If you don’t have many assets, and you’re used to the environment of living on the edge, then self-control really doesn’t offer that many benefits — as Janis Joplin sang “freedom’s just another word for nothing left to lose” — you might as well give in to your whims because not giving into them doesn’t really pay off based on your experience (instead of Joplin, the researchers quote Bob Dylan, ” When you ain’t got nothin’, you got nothin’ to lose.”)

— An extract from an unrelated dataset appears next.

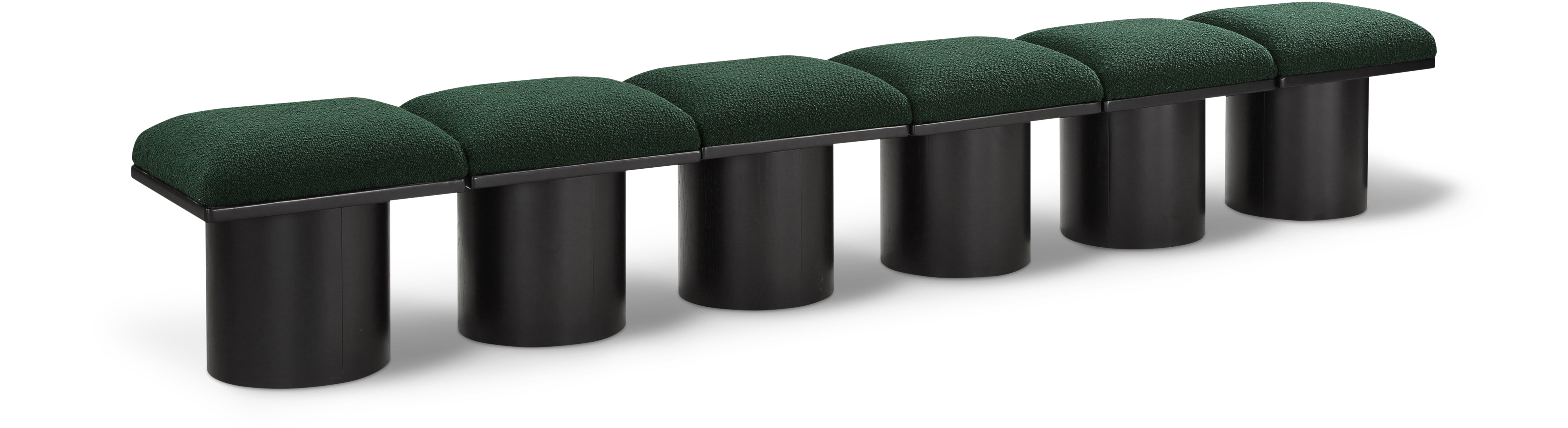 Pavilion Green Boucle Fabric Bench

On the other hand, if you have some economic (or, I’d suggest, non-economic assets, too) assets, and you’ve experienced the benefits of them, you want to work to keep them.
Excerpt from the study
POVERTY AND SELF-CONTROL
B. Douglas Bernheim
Stanford University and NBER
Debraj Ray
New York University
Sevin Yeltekin
Carnegie Mellon University April 2012
“When you ain’t got nothin’, you got nothin’ to lose.” Bob Dylan
"The absence of self-control is often cited as an important contributory cause of persistent poverty, particularly (but not exclusively) in developing countries. Re- cent research indicates that the poor not only borrow at high rates,1 but also forego profitable small investments.2 To be sure, traditional theory — based on high rates of discount and minimum subsistence needs — can take us part of the way to an explanation. But it cannot provide a full explanation, for the simple reason that
the poor exhibit a documented desire for commitment.3 The fact that individuals are often willing to pay for commitment devices such as illiquid deposit accounts or ROSCA participation suggests that time inconsistency and imperfect self-control are important explanations for low saving and high borrowing, complementary to those based on impatience, minimum subsistence or a failure of aspirations.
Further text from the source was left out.